We know that some bacteria can produce electricity, which was thought to be a rare characteristic of exotic microbes. But new research shows that bacteria that live in the human gut have that ability. Researchers at University of California, Berkeley determined that Listeria monocytogenes, known for causing diarrhea, has a technique for generating electricity that’s completely different from other known bacteria that also make it. These findings have been reported in Nature.
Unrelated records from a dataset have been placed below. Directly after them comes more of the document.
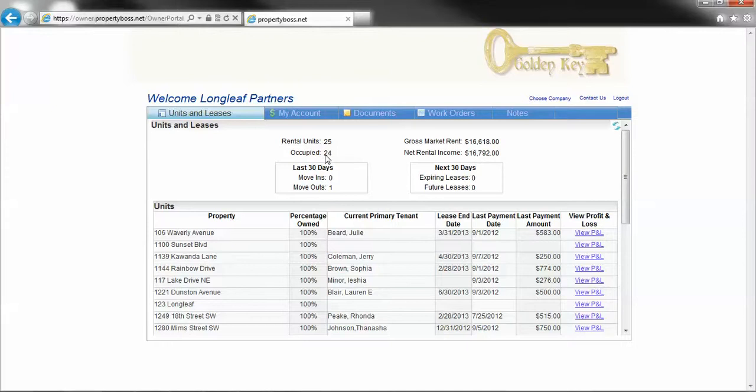Alright, the first thing we're going to do is find invoices from third party vendors. This is a vendor outside of Golden Key, maybe a heating and air contractor, a roofer, a plumber that has done work on your behalf and Golden Key has paid them.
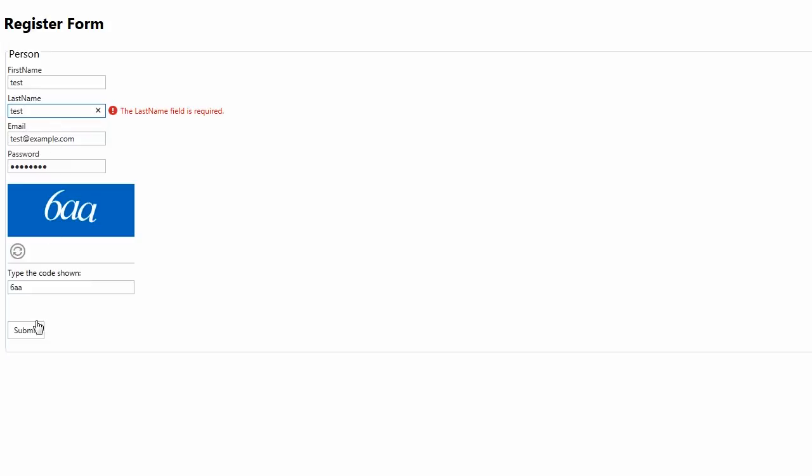If all the fields are filled correctly, the edit form can be successfully submitted to the server. And that's it.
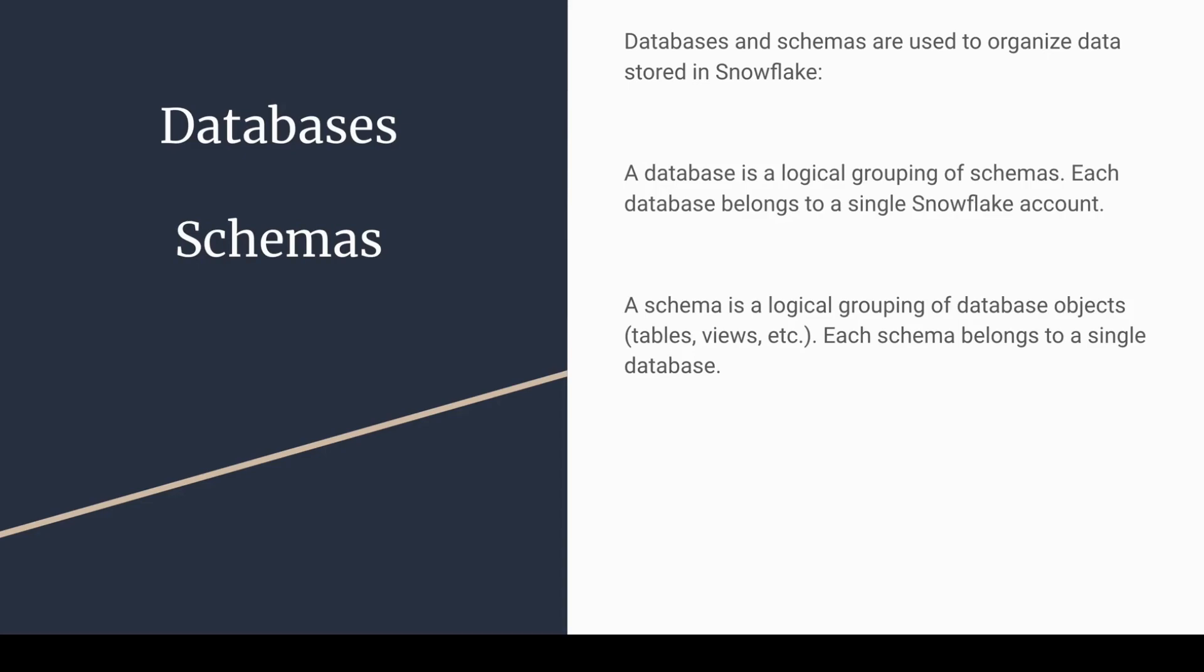A database is a logical grouping of schemas. Each database belongs to a single Snowflake account. A schema is a logical grouping of database objects, tables, views, etc. Each schema belongs to a single database.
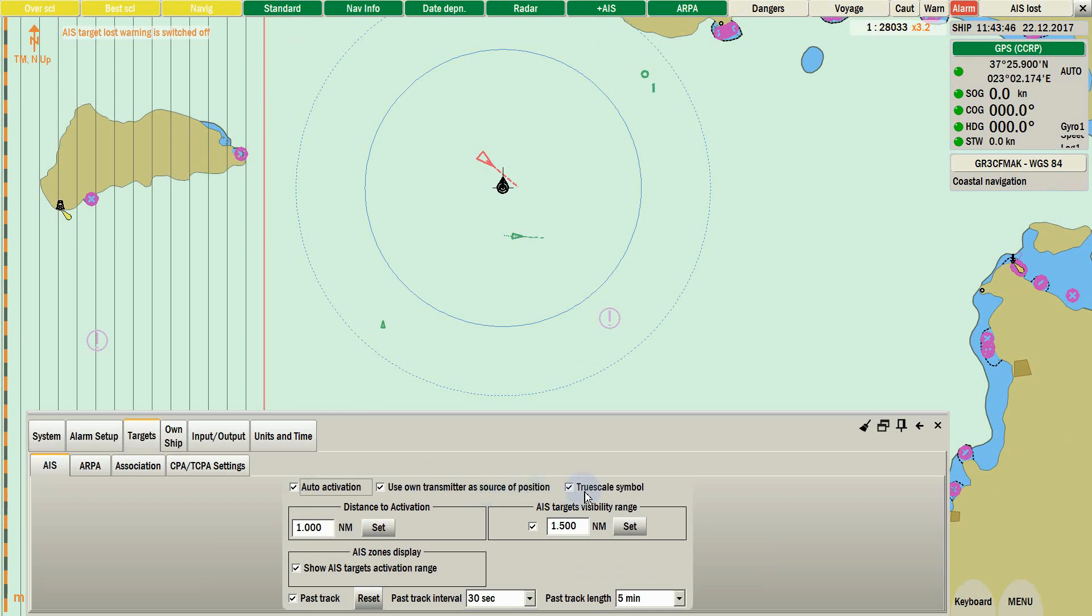Last selection is true scale symbol. This will show close targets under high scale, in true scale.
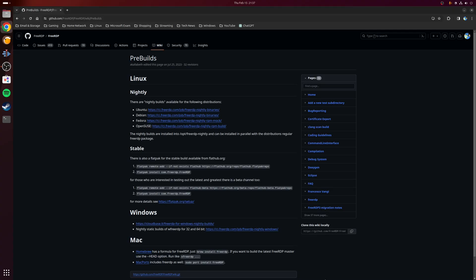I should also point out that there is a Flatpak version available if you want to use that instead, but in my testing I found that this is actually slower, so I'd recommend sticking to your distribution repositories if possible.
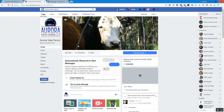What happens is Facebook indexes that link and saves all that information in their own little database, so they don't have to go and look at the website again to get any title, description, or image when other people share the same link.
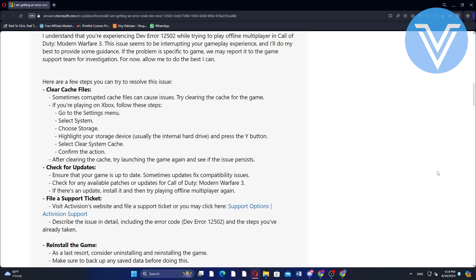If the problem continues, file a support ticket with Activision. Visit Activision's support website and describe the issue in detail, including the error code DEV ERROR 12502 and any steps you've already taken.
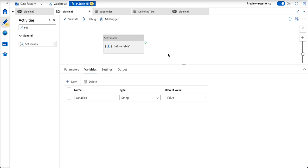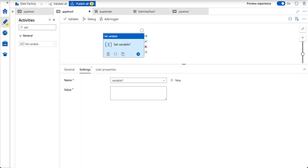But for variables, you can assign whatever value you want in course of time the pipeline runs. So that is the major difference between variables and parameters. Parameters you cannot write a value to, variables you can write using set variable activity.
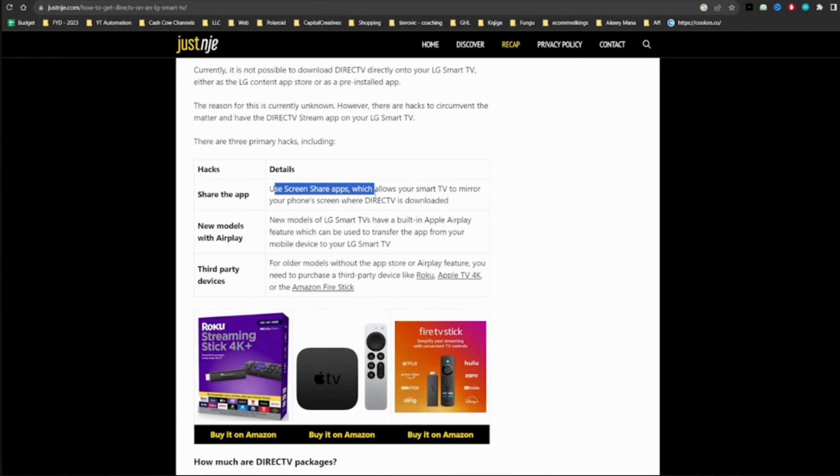You can also use third-party devices. For older models without the app store or AirPlay feature, you need to purchase a third-party device like Roku, Apple TV 4K, or the Amazon Fire Stick.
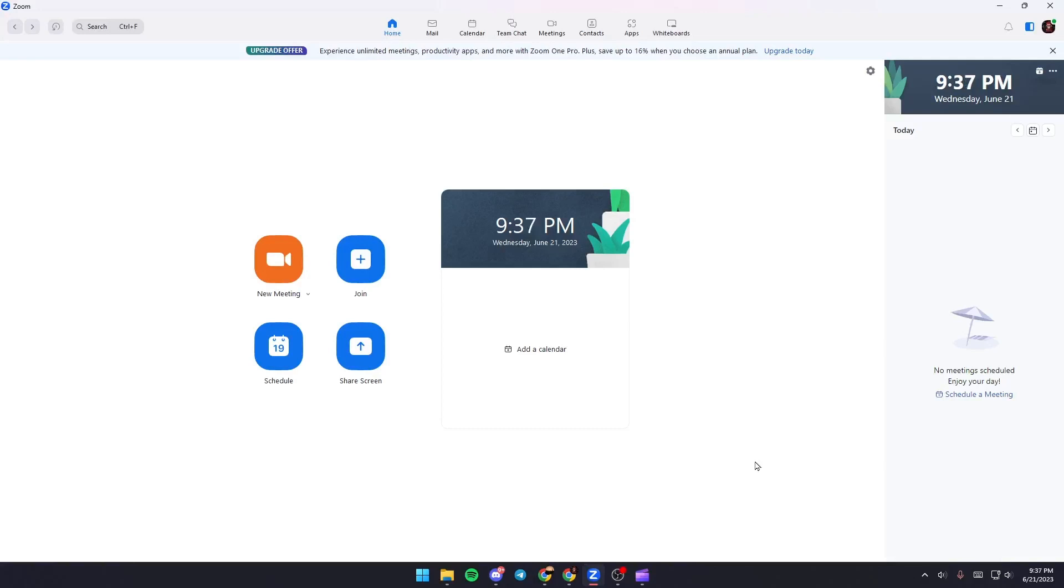Hello everyone and welcome back to a new video. In this video I'm going to show you guys how to fix echo in Zoom meetings. So if you guys are having the same problem right now, just follow the steps that I'm going to show you.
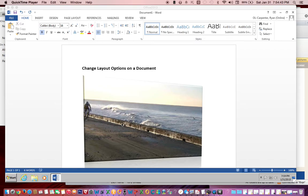This is a short video to show you how to change layout options on a document. You can change the layout options on any image or shape or other object.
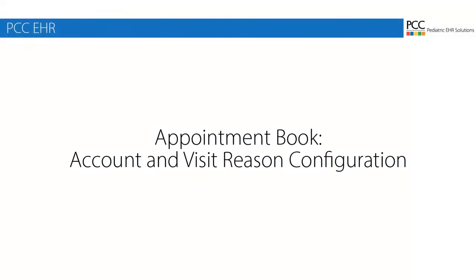By watching this video, you'll learn how to control who can schedule at your practice, which clinicians can be scheduled, and how to create and adjust the different visit reasons you schedule at your practice.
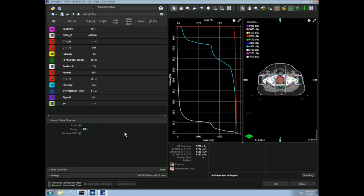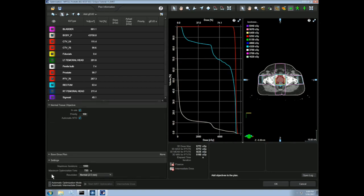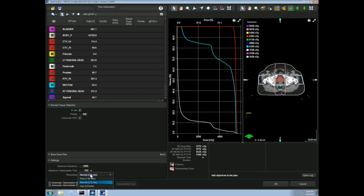We have some other settings that can be useful in the settings tab. We can specify a maximum number of iterations or maximum time for optimization algorithm to limit the computation time. More importantly is the resolution. We can specify how fine we want our optimization algorithm's fluence grid to be. The finer our resolution, the longer optimization time, but the tighter our dose distribution can be.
"The fact that so many bugs that interact with humans, either as pathogens or in probiotics or in our microbiota or involved in [the] fermentation of human products, are electrogenic -- that had been missed before," said Dan Portnoy, a UC Berkeley professor of molecular and cell biology and of plant and microbial biology. "It could tell us a lot about how these bacteria infect us or help us have a healthy gut."
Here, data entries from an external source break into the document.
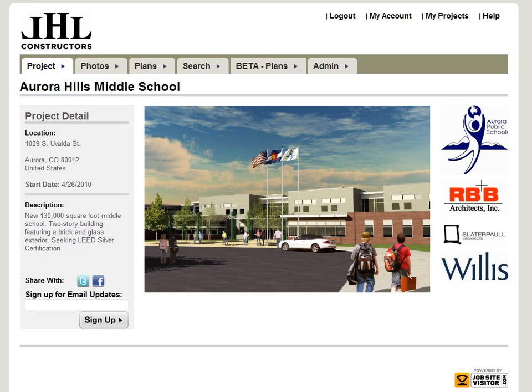We're excited to announce our new plan viewer that we just released. You can see it's still in beta mode.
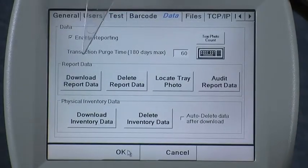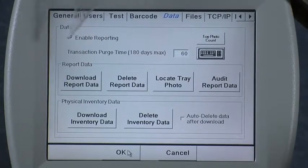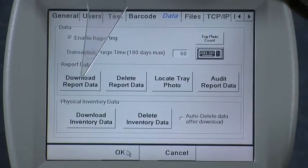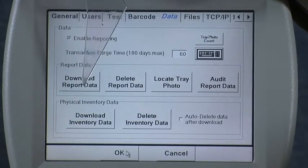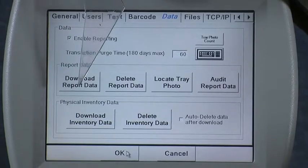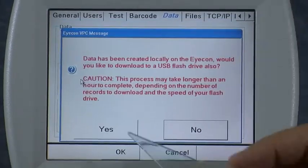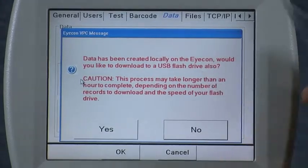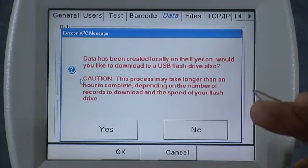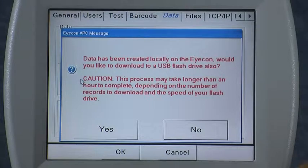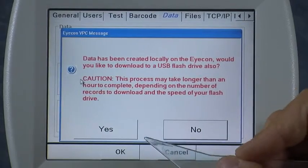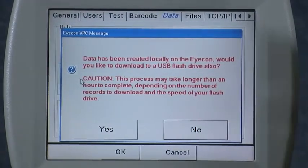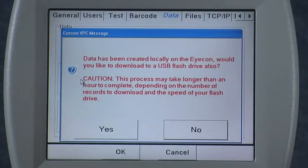The next section on the data tab is the report data section. The first button here, download report data, is used to download all of the transactions that are recorded when you either dispense prescriptions or use the count-only mode on the icon. Pressing that button gives you an informational screen saying a file has been created in a format that is easily imported into Excel. It also advises that you can copy that file to a memory stick, however it will also copy all of the JPEG files on board the icon, so it's warning you that this could take a little while.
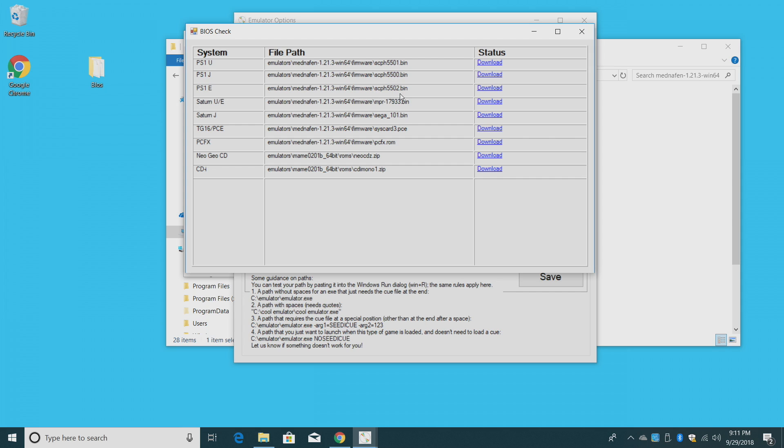Now if you want to run Sega Saturn, you're going to need the MPR 17933.bin, Sega Saturn Japanese BIOS, Sega underscore 101.bin, and I'll also do Neo Geo CD, NeoCDZ.zip. And it tells you exactly where it needs to go. So Emulators, MAME, ROMs. We need to place the Neo Geo CD BIOS in that folder.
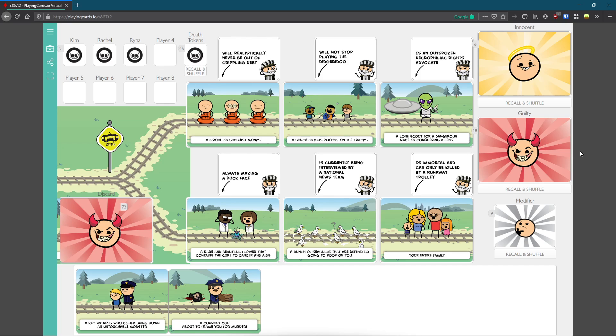Then we have a lone scout for a dangerous race of conquering aliens. But he is a lone, he's only one guy. He can't do much harm, he's just one dude. He may be an outspoken necrophiliac rights advocate, but no one's perfect. I think of all the scientific advances that could be made when you capture this lone scout who's not a threat to you because he's alone. Look at the size of his spaceship and his gun, he's tiny, he's no threat. You could capture him.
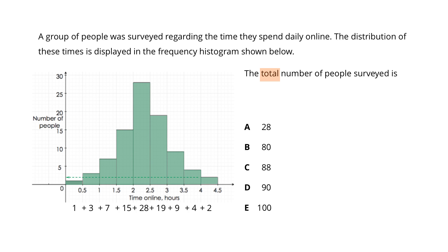We add up all these numbers and we end up with 88, so the answer we are after is option C.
It seems that hundreds of bacterial species produce electricity in this newly discovered way, many live in the human gut, and many can cause serious illness. The gangrene-causing bacterium Clostridium perfringens, and disease-causing Enterococcus faecalis or streptococcus make electricity as well.
Bacteria make electricity in a process that is analogous to human breathing; it removes electrons that are produced from metabolism, and aids in energy production. In plant and animal cells, mitochondria move electrons onto oxygen molecules. When bacteria live in a place where there’s no oxygen, like the human gastrointestinal tract, they have to find another molecule to accept the electrons. In some cases, it can be a metal outside the cell.
To move electrons outside the cell, a series of cascading reactions take place, creating a tiny current. Called an extracellular electron transfer chain, it could be a way to make a battery - add an electrode to a colony of these bacteria. This work could have big implications for green energy technologies; this chain is a simpler system than the one that we already knew about. It is found in microbes that only have one cell wall, called gram-positive bacteria, and which live in a flavin-rich environment (flavins are derived from vitamin B12).
"It seems that the cell structure of these bacteria and the vitamin-rich ecological niche that they occupy makes it significantly easier and more cost effective to transfer electrons out of the cell," said first author Sam Light, a postdoctoral fellow. "Thus, we think that the conventionally studied mineral-respiring bacteria are using extracellular electron transfer because it is crucial for survival, whereas these newly identified bacteria are using it because it is 'easy.'"
Light is interested in how this system is used by Lactobacillus bacteria, which are critical to cheese, yogurt and sauerkraut production. Electron transport may play a role in the taste of those foods, he suggested.
"This is a whole big part of the physiology of bacteria that people didn't realize existed, and that could be potentially manipulated," he added.